“A self-assured India, brimming with ideas and energy, can play an enormously positive role in the world,” said Raghuram G. Rajan, chief economic advisor, Union Department of Economic Affairs.
Delivering the IIM-Bangalore’s 38th annual convocation address, Rajan said, “We can offer an alternative view of development, one combining growth with democracy, brining together cutting-edge innovative companies with bottom-of-the-pyramid services.”
“We could teach both the West and rest of the world, even while learning from them, as we did in the historic past when we were global brokers of ideas,” he explained.
Advice to students
“We could be voice for good in the global arena. You have the capacity to make all this possible and I am sure you will,” he advised the students passing out of IIM-B.
Rajan said, “I want to leave you with a message that India is changing, and probably for the better. You will be able to help shape the world and your place in it.”

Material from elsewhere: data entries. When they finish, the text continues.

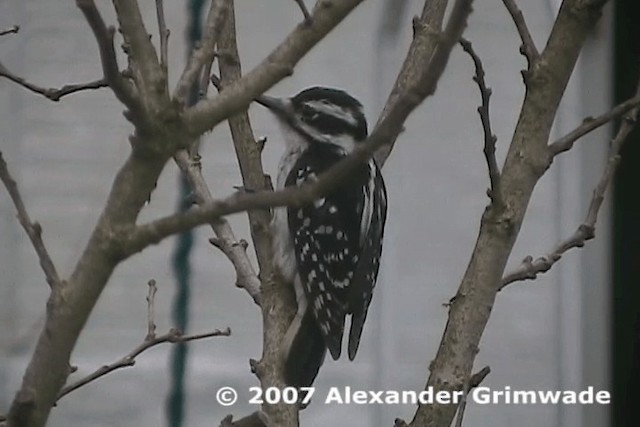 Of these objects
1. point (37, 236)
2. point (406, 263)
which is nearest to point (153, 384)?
point (406, 263)

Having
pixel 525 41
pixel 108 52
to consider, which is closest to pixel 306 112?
pixel 525 41

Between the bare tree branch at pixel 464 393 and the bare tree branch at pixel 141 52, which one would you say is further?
the bare tree branch at pixel 464 393

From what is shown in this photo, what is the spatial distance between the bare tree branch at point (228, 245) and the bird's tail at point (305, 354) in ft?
0.16

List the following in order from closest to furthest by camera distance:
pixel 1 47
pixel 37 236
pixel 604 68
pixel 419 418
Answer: pixel 37 236
pixel 419 418
pixel 1 47
pixel 604 68

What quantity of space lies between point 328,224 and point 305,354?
19 cm

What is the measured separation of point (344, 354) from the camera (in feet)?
5.03

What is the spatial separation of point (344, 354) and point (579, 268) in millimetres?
371

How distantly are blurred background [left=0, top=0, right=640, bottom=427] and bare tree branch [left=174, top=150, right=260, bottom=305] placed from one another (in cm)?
51

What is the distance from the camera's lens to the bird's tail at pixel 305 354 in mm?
935

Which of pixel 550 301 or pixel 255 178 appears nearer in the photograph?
pixel 255 178

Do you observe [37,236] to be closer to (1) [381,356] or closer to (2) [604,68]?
(1) [381,356]

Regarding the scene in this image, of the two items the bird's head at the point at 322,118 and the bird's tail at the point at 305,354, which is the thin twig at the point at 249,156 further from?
the bird's head at the point at 322,118

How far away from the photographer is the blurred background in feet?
4.97

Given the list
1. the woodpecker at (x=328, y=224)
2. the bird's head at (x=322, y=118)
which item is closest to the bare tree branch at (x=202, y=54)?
the woodpecker at (x=328, y=224) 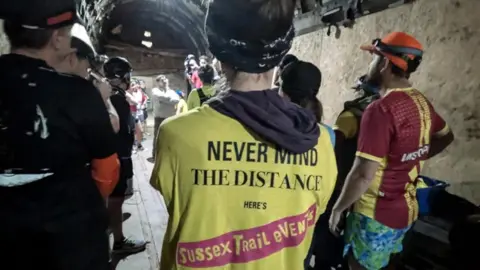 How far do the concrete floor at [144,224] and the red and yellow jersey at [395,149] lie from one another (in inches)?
86.1

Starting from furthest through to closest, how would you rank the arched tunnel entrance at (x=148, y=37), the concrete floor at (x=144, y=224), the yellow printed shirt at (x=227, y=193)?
the arched tunnel entrance at (x=148, y=37) → the concrete floor at (x=144, y=224) → the yellow printed shirt at (x=227, y=193)

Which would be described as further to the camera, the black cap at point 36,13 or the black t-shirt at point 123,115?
the black t-shirt at point 123,115

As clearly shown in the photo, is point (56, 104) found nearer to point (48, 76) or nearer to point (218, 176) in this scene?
point (48, 76)

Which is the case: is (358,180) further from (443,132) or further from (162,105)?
(162,105)

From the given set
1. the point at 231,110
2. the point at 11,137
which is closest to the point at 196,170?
the point at 231,110

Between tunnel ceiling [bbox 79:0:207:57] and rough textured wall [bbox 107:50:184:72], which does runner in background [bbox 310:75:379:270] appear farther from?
rough textured wall [bbox 107:50:184:72]

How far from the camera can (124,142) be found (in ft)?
11.9

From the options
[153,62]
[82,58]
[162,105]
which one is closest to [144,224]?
[82,58]

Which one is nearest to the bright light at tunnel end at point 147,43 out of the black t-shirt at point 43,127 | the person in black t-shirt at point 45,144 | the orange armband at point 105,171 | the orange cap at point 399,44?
the orange cap at point 399,44

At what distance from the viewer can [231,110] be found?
3.85 feet

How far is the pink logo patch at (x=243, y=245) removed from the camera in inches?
46.7

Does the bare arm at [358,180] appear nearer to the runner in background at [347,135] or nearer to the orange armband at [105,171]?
the runner in background at [347,135]

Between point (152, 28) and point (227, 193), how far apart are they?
2119 centimetres

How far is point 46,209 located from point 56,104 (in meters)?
0.41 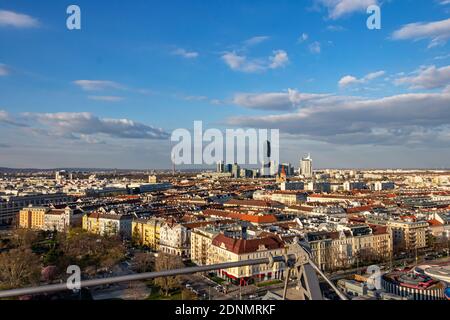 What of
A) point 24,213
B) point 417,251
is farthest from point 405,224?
point 24,213

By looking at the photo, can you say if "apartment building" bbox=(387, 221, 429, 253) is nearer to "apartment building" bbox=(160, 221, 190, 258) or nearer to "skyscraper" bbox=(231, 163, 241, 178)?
"apartment building" bbox=(160, 221, 190, 258)

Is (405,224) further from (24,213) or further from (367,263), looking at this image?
(24,213)

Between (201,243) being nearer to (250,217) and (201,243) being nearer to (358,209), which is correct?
(250,217)

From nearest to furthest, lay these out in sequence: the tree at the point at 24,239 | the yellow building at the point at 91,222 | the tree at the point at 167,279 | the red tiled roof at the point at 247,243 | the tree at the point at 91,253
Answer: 1. the tree at the point at 167,279
2. the red tiled roof at the point at 247,243
3. the tree at the point at 91,253
4. the tree at the point at 24,239
5. the yellow building at the point at 91,222

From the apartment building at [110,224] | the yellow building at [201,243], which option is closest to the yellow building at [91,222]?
the apartment building at [110,224]

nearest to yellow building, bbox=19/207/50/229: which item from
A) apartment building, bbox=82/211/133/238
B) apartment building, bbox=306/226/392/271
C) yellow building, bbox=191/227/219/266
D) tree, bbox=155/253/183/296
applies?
apartment building, bbox=82/211/133/238

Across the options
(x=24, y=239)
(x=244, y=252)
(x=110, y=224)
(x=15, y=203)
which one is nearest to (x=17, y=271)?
(x=244, y=252)

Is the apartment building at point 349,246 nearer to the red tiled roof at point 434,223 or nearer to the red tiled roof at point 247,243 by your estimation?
the red tiled roof at point 247,243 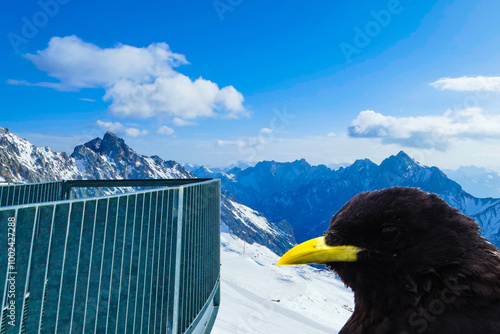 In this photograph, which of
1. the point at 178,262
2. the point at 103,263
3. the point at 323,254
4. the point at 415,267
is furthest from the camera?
the point at 178,262

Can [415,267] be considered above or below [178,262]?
above

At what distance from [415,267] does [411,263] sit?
4 centimetres

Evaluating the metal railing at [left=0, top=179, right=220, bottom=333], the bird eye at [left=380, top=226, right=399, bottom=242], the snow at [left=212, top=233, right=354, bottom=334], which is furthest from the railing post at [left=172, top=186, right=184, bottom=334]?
the bird eye at [left=380, top=226, right=399, bottom=242]

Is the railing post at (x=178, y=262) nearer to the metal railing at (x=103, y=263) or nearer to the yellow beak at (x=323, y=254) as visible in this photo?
the metal railing at (x=103, y=263)

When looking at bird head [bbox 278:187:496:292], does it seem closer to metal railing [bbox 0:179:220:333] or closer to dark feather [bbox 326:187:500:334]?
dark feather [bbox 326:187:500:334]

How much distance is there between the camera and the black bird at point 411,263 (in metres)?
2.17

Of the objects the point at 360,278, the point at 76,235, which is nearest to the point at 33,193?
the point at 76,235

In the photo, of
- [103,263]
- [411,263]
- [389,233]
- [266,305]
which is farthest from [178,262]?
[266,305]

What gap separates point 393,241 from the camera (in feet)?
8.25

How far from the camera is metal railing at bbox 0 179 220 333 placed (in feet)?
18.4

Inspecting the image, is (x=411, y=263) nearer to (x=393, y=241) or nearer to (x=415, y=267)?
(x=415, y=267)

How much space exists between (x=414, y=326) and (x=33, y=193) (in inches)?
612

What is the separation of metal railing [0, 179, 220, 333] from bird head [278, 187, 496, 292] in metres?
5.26

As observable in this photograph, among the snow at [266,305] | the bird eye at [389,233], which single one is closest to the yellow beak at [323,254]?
the bird eye at [389,233] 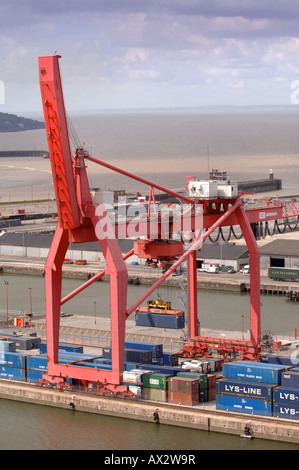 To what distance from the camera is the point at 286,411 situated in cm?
3797

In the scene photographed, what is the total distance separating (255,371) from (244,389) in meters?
1.38

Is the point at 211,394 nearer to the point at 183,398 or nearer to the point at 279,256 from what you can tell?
the point at 183,398

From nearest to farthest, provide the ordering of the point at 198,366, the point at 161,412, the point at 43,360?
the point at 161,412
the point at 198,366
the point at 43,360

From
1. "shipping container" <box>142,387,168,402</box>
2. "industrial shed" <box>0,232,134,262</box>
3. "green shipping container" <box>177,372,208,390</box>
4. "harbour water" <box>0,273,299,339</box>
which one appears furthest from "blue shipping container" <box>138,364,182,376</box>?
"industrial shed" <box>0,232,134,262</box>

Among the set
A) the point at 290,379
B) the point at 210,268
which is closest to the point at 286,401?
the point at 290,379

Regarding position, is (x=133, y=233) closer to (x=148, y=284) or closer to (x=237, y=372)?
(x=237, y=372)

“By all means, set yourself ambitious goals. But remember that, as both ancient Indian philosophers and modern-day behavioural psychologists say, the achievement of narrow personal goals – greater wealth, rapid promotion, or increasing renown – rarely brings you anything other than brief pleasure,” he said.
“I don’t claim to know the secret of happiness, but this seems obvious – if you like the journey, if you get pleasure from the work you do, it matters far less when, or indeed whether, you reach your destination.”
Raising the issue of democracy and entrepreneurial economy, Rajan said, “We need consensus on a number of issues. We ought to agree that: a good job is the best form of inclusion. Rather than assuming the poor need an increasing array of handouts, they should be empowered to equip themselves and their children to become effective contributors to the economy.
“Secondly, to raise resources for such spending, the rich must play their part. The government must broaden the tax base, both by finding and penalising the value and status associated with legitimacy.
“Finally, the government has to become more transparent and responsive to the people. Fortunately information technology can help tremendously, by giving people more of a sense of what their due is, and making clear which part of the government is proving wasteful, corrupt or a bottleneck.”